In this situation, escrow is important because it protects both parties in the transaction. If you put down the earnest money and it went directly to the seller, a seller could keep your earnest money if an agreement wasn’t made. Additionally, you wouldn’t want to hand over money for the purchase of a property until a deed is signed. Escrow ensures everyone gets what they deserve at the correct time.
- Complete inspection and repair requests (1-2 weeks) – A home inspection is your chance to have an expert look over the home with a fine-toothed comb to identify any maintenance issues with the home. Inspection is typically followed by a negotiation: the buyer will object to items found during the inspection, and the two parties will negotiate on resolutions. Inspection resolutions typically consist of financial concessions or agreements to complete the repairs before closing.
- Mortgage application and underwriting (5-20 days) – Since you’ve been pre-approved already, underwriting is part of the mortgage process in which a lender verifies your financial picture by looking at your credit report, income, debt to income ratio, assets, and liabilities before approving your mortgage loan application.
The underwriting process will take place after the down payment of the home has been made. It is a way for lenders to analyze the risk of giving you a home loan with more detail.
- Get loan approval (1 day) – If necessary and you’re not paying with cash. Most of the time, delayed closings are related to finalizing your mortgage. This can be anything from appraisal concerns to missing financial documentation to an inexperienced loan officer working with your mortgage lender.
- Appraisal (1-2 weeks) – The appraisal is the lender’s chance to evaluate the home. An appraiser assesses the value of the home to make sure the buyer and their lender are making a wise financial choice.
If the appraisal comes in low (meaning the appraiser thinks it is worth less than the purchase price), the buyer and seller will need to work together to figure out how to cover the difference between the two prices.
- Acquire homeowner’s insurance and title insurance (1 day) – Your homeowners insurance premiums are included in your monthly home loan payment. The portion that is sent to the insurance company is held in a separate escrow account. This is helpful because it’s one less bill that you have to worry about and guarantees that there is always insurance coverage in the event something happens.
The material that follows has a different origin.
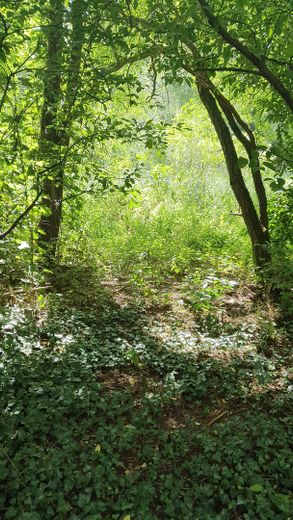 100m bis zum Wald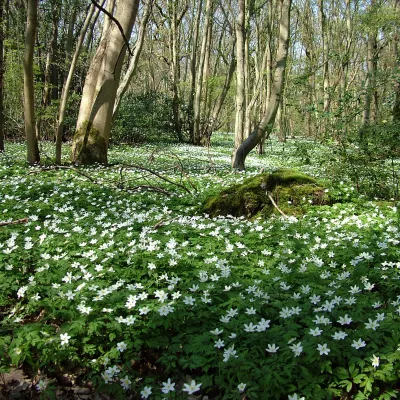 Wood anenomes at Blean Wood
A title company executes a title search to make sure that the title to your home is legitimate, there are no existing liens or other title issues, against the house and then issues title insurance for that house. Since the home and the land it’s on have likely changed hands several times, it’s possible that somewhere along the way, something went wrong. Title insurance protects the lender and the new owner against lawsuits or claims against the property that result from disputes over the title in a real estate transaction.
- Do a final walk through (1 day) – Right before closing, you’ll do a final walk-through of the property with your real estate agent. If the home isn’t in the same condition (or a better condition, if you negotiated repairs early on) than when you made your offer, you may delay closing until issues can be resolved.
- Attend your closing appointment and close on your new home (1 days) – The finish line has been reached! This typically takes between 1.5-2 hours if everything goes smoothly, but you’ll want to leave ample time in your schedule in case it takes longer.
During your closing appointment you’ll sign documents (a list of typical documents is below) and pay your down payment. Your lender will also wire the balance of the sale price at this time. The title or escrow agent will facilitate the closing appointment, but you’ll want your real estate agent to be present as well.